Representatives Ask Rice About ‘Consular Emergencies’ During Beijing Olympics

Last month, three members of Congress — Ileana Ros-Lehtinen of  Florida, Ray Lahood of Illinois, and Darlene Hooley of Oregon —  anticipating just how ugly things could will get if  when U.S. citizens protest during this year’s Olympics in Beijing, wrote to Secretary of State Condoleezza Rice to ask what instructions  she had given to our  diplomats in China  about “consular emergencies” during the games.  The members also broached the sensitive subject of whether State should issue a travel advisory for Americans traveling to Beijing this summer.

The members  also wondered about reports that the British Olympic Committee agreed to a Chinese “gag order.”   They want to know what Rice plans to do to protect the free speech of our athletes. 
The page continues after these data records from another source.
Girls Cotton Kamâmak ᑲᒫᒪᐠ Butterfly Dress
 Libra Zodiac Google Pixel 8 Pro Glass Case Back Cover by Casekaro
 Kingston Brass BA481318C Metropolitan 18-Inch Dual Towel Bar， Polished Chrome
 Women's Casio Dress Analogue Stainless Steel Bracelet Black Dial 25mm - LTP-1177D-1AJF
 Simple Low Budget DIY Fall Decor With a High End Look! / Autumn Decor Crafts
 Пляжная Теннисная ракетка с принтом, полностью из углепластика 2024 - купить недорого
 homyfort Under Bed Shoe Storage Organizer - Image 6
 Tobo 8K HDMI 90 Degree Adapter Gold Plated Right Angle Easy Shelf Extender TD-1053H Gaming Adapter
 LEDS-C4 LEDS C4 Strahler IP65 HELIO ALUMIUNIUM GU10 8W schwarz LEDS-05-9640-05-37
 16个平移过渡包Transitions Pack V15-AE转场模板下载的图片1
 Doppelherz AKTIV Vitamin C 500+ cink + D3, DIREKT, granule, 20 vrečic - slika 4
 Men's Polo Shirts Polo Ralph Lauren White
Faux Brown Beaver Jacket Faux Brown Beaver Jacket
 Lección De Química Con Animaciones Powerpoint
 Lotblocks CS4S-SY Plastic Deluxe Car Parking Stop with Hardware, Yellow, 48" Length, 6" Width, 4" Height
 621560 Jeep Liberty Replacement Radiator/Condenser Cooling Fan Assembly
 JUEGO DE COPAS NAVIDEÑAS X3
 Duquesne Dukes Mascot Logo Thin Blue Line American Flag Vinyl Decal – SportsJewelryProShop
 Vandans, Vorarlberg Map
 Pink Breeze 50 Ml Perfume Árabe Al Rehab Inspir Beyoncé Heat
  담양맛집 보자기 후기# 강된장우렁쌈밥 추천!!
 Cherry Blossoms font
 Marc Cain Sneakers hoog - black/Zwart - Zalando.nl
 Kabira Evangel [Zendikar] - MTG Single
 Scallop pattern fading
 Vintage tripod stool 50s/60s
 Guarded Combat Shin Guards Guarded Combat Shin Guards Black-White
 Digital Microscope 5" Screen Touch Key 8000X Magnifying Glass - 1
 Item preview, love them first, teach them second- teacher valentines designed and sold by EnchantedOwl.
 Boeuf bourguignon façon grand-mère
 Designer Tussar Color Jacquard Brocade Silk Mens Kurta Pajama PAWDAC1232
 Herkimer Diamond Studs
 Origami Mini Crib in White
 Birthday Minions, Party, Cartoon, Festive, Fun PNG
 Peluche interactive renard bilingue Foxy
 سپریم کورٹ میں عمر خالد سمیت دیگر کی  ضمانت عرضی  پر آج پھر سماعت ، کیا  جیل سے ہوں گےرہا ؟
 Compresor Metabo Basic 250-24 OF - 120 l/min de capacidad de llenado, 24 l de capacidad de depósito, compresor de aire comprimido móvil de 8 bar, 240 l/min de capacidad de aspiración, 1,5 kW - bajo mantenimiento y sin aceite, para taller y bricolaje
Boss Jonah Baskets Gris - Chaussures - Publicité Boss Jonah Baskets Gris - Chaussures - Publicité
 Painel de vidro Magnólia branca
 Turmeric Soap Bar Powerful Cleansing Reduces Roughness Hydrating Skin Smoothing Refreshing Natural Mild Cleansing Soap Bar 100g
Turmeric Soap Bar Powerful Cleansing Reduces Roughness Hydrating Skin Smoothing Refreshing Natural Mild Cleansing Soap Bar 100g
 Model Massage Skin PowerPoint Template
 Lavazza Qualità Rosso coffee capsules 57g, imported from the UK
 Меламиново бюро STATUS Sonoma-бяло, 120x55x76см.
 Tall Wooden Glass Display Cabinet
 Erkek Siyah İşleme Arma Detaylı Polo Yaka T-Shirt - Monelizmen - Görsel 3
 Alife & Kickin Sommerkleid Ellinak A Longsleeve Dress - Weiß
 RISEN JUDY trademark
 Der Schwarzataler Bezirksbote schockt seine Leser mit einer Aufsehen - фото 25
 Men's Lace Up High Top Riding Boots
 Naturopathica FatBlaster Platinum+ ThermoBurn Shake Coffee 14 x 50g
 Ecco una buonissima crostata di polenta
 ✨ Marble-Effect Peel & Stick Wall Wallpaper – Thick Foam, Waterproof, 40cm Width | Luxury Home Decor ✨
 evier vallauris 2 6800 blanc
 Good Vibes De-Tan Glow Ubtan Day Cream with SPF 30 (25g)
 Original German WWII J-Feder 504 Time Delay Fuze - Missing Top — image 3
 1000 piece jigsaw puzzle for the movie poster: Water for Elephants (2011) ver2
(OFK note: A gag order seems exceptionally dumb.  It’s superfluous where it can be enforced and nothing but an impotent source of bad publicity where it can’t.   Is China asserting the extraterritorial jurisdiction of its censorship  over our athletes  here in the United States?  Does it expect  other countries’  subjects or officials to help enforce it?  Do we really think we could  give extraterritorial effect to the  First Amendment  in Beijing?  ChiCom commissars and U.S. athletes  need to understand some realities.   Americans love publicity and we’re used to saying whatever we damn well please.   We don’t always  lose those habits when we clear customs and the laws change.   The ChiComs, on the other hand, love to beat, imprison, massacre, or  drive tanks over people for that sort of thing.   American athletes really can say whatever they please while they’re on  U.S. soil.  That leaves the Chinese with two options:  ingore it and let it blow over, or deny  the offending athlete a  visa and bring down even more bad publicity on themselves.  Once they’re on Chinese soil, however, the athletes  speak at their own  peril, albeit far less peril than if a Chinese person were to do it.   Everyone  is on full notice.)

In any event, Rice never answered, so naturally, someone leaked the letter to me.  Wanna read the whole thing?  You know you do:  letter-to-s-rice.pdf

I’m sure this quote will get someone’s attention:

We also have special concern for the treatment of U.S. citizens of Asian ethnicity in cases of detention in China. Beijing authorities have demonstrated in the past an inclination to engage in racial profiling towards U.S. citizens in custody. They tend, frankly, to treat U.S. citizens of their own ethnicity far more harshly.

Like I said, a real P.R. disaster, and it couldn’t happen to more deserving people.